WS Game Two: Hunted, pecked, pricked, poked

Max Fried

Max Fried—getting stung repeatedly in the second hurt almost worse than if he’d been bludgeoned.

If you look purely at the line score of World Series Game Two, you’d think the Braves had their heads handed to them in the bottom of the second. But if you watched the game, you know the Astros dismantled them, almost too simply, and with some inadvertent help from the Braves themselves, to win 7-2 Wednesday night.

As a matter of fact, when the game began you could have been forgiven for thinking it might turn into a bit of a pitching duel despite the teams swapping a run each between the bottom of the first and the top of the second—one on a solo home run, one on a sacrifice fly.

Overall that’s about how the game shook out—if you didn’t include the Astros’ hunt-peck-prick-and-poke of four runs out of Braves starter Max Fried in the bottom of the second, after he fooled Carlos Correa into looking at a particularly nasty third-strike curve ball. Jose Altuve’s eighth-inning home run almost seemed a by-the-way insurance run.

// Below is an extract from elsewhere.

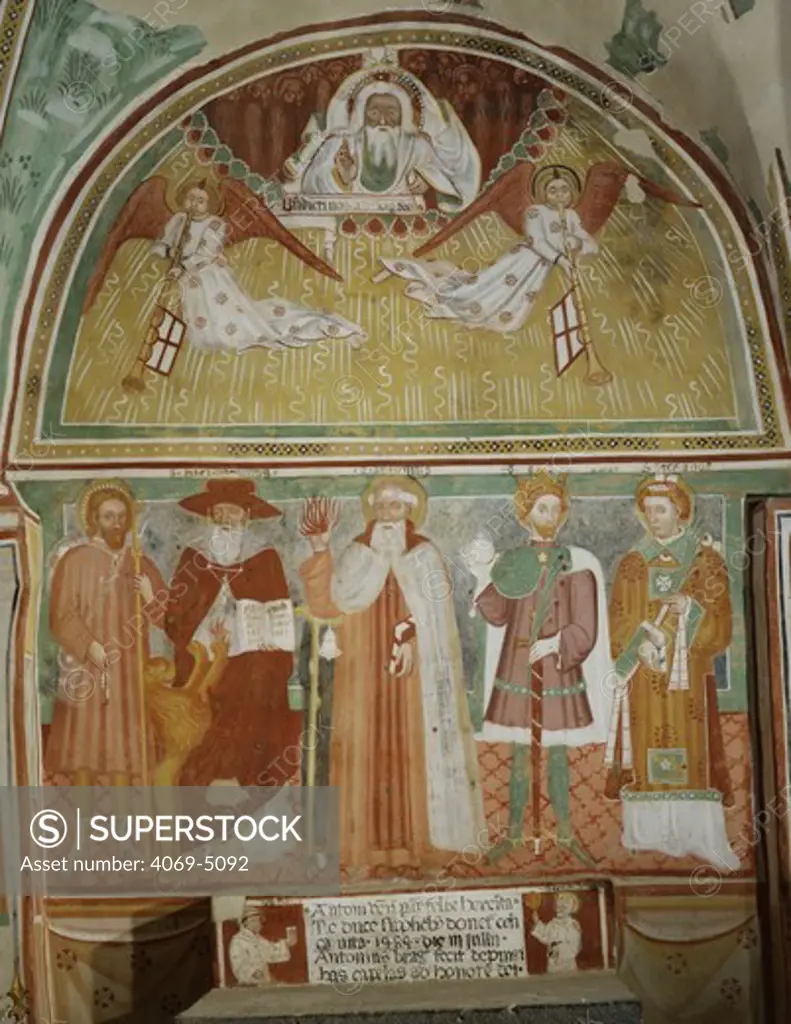 God the Father with two angels, Saints Anthony of Egypt, Jerome, Sigismund and Stephen, fresco,1484, school of Baxilio brothers, San Antonio church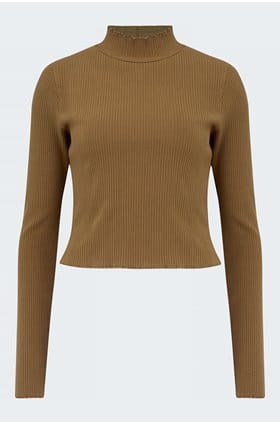 ribbed long sleeve top in sepia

“We didn’t want to go to Atlanta down by two,” Altuve said postgame. “So we left everything we had in there tonight. Obviously, very important win to tie the Series to keep going from there.”

“Obviously, I’m not happy about it.” said Fried. “Playoffs is a big momentum game. You’ve got to do everything you can to keep the crooked number off the scoreboard.”

It might actually have hurt less if he’d been bludgeoned than it did the way he was pecked in the second. And, if Astros starter Jose Urquidy hadn’t brought his A game to the mound, leaving the Braves mostly unable to hit him even if they’d swung warehouse gates.

Fooling Correa into the strikeout must have seemed aberrant even to a pitcher who struck out six in five innings’ work and walked only one batter. The second inning made Fried’s outing look far worse than it was in the long run, but a true shelling it wasn’t. It was like getting stung by angry hornets one after the other a few times before he finally slithered out of it.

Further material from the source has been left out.